SDS-PAGE and Western blotting of sulfo-SBED cross-linked MDH and bc₁. A, 10 μg of MDH in 100 μl of 50 mm Na⁺/K⁺ phosphate buffer, pH 7.4, was incubated with sulfo-SBED for 2 h on ice in the dark then dialyzed against 500 ml of a 50 mm Na⁺/K⁺ phosphate buffer, pH 7.4, in the dark to remove any unreacted sulfo-SBED. The chemically labeled MDH was then incubated without and with 30 μg of bc₁ in 200 μl of a 50 mm Na⁺/K⁺ phosphate buffer, pH 7.4, on ice for 1 h. After incubation, the mixtures were photolyzed with a long wavelength UV light (365 nm) at a distance of 5 cm for 15 min. The photolyzed samples were treated with β-mercaptoethanol and subjected to SDS-PAGE and Western blotting.

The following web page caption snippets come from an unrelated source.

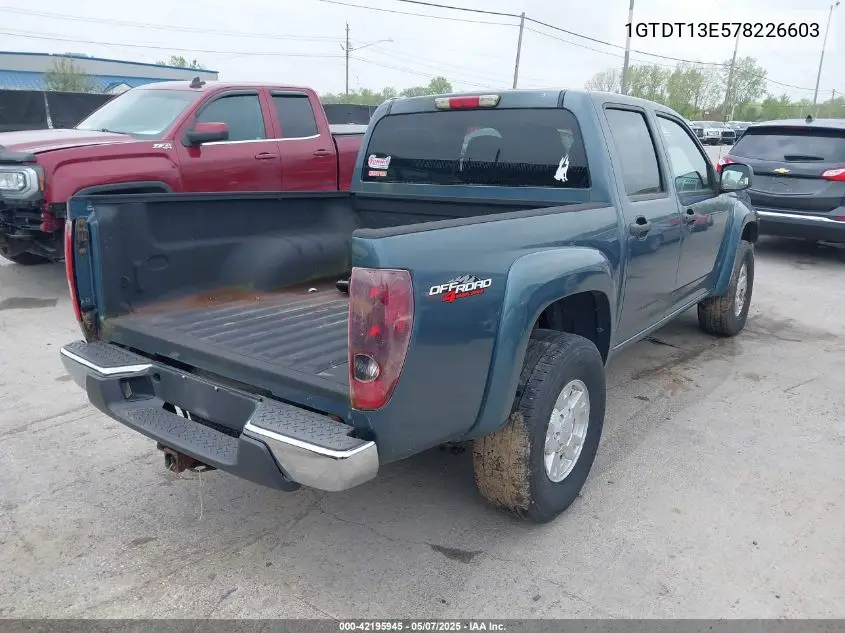 2007 GMC Canyon Sle2 VIN: 1GTDT13E578226603 Lot: 42195945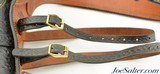 Alfonso's Holster & Gun Shop Blk. Fast Draw Rig "DOUG" Named - 5 of 10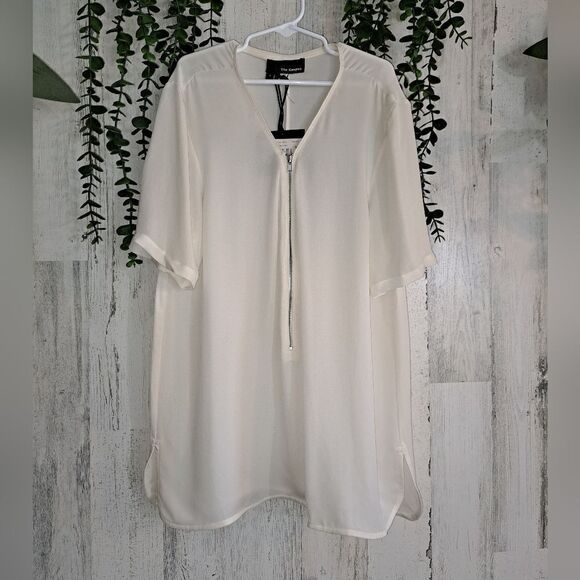 The Kooples Silk Georgette Blouse - Picture 1 of 6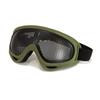 Iron Mesh Goggles High Density Mesh Adjustable Strap Outdoor Protective Goggles Eye Protection Perspective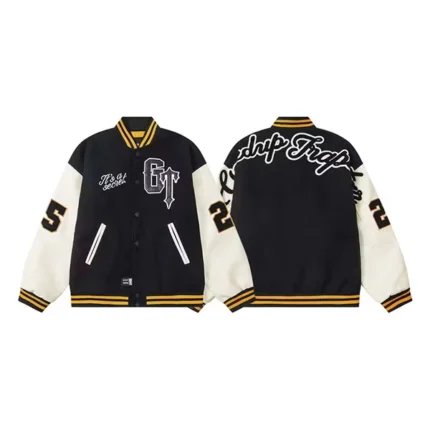 Trapstar x Geedup Letterman Jacket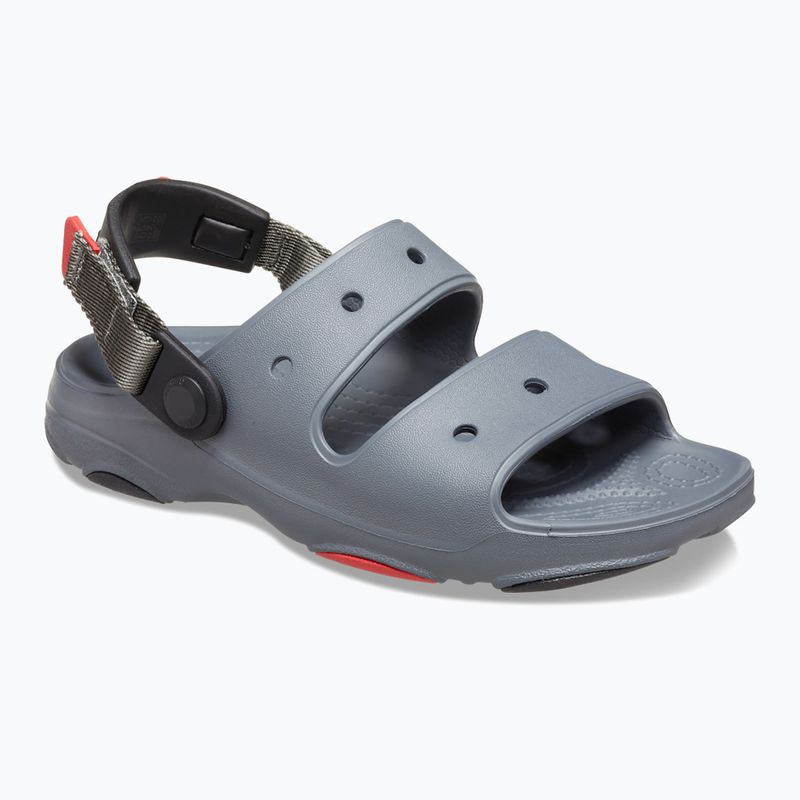 Vaikiški sandalai Crocs All Terrain slate grey 9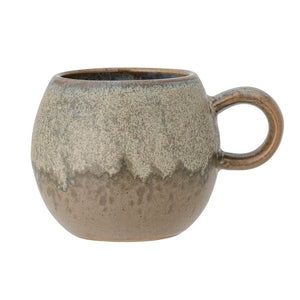 BLOOMINGVILLE-Paula Cup, Brown, Stoneware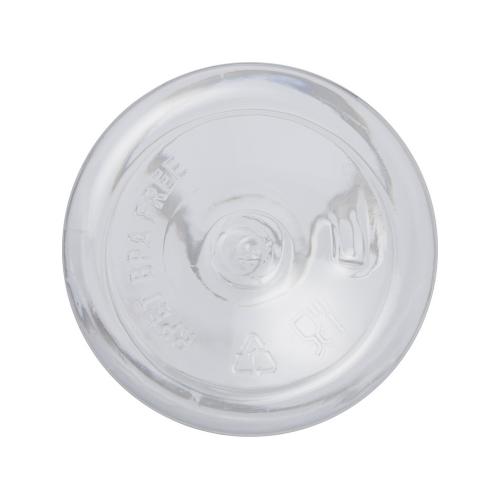 Bodhi бутылка для воды из вторичного ПЭТ объемом 500 мл - прозрачный; - купить именные сувениры в Воронеже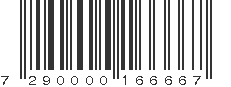 EAN 7290000166667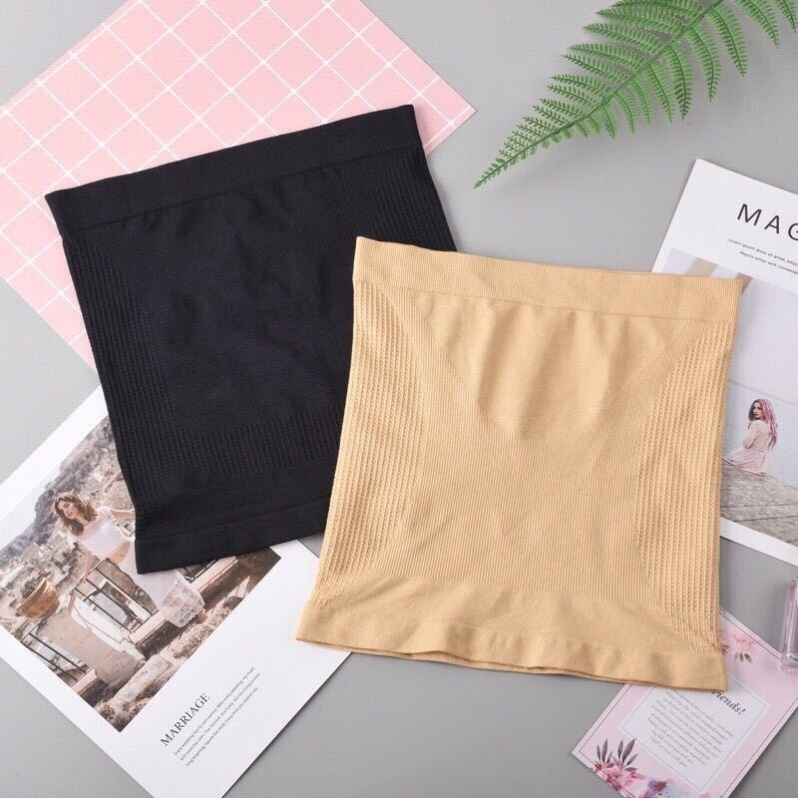 不卷边无痕有弹力收腰带薄款透气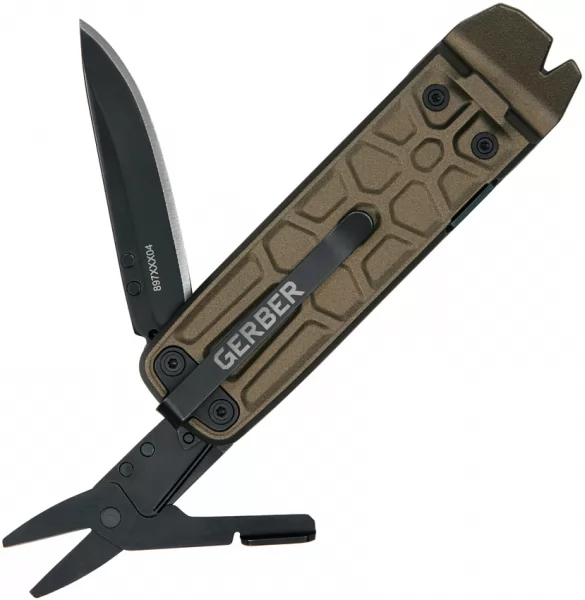 Gerber Lockdown Slim Multi Tool Brz knives - multitools G1736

The biotin tags were probed with an avidin-horseradish peroxidase conjugate. B, the interaction partners for MDH were shown in the three-dimensional structure of the bc₁ complex. Protein Data Bank code 1NTM. IMS, intermembrane space; MIM, mitochondrial inner membrane.

FIGURE 5.

Effect of bc₁ complex on the activity of forward reaction (from malate to oxaloacetate) and reversed reaction (from oxaloacetate to malate) of MDH. Varying amounts of bc₁ complexes were incubated on ice for 20 min with a given amount of MDH to give the indicated molar ratios. The mixtures were then subjected to assay for MDH forward (A) and reversed (B) activities. The activity of MDH in the absence of bc₁ was used as 100%. n = 3, data are the means ± S.E.

FIGURE 6.

Effect of ionic strength on reverse MDH activity enhancement by bc₁. MDH only or together with bc₁ complex in 100 mm Na⁺/K⁺ phosphate buffer, pH 7.5, was incubated with the indicated concentrations of NaCl on ice for 30 min before MDH activity (the reverse reaction) was determined. The activity of MDH only was used as 100%. n = 4, data are the means ± S.D.

FIGURE 7.

The schematic illustration for the cross-talk between MDH and bc₁ complex. Solid arrows show the reactions in the matrix. The dashed arrow in the membrane stands for the electron transport. The dashed arrow in the matrix stands for the NADH generation form the citric acid cycle. The dashed circled c (Cyt c) shows its translocation from complex III to complex IV. SDH, succinate dehydrogenase; Q, ubiquinol/ubiquinone.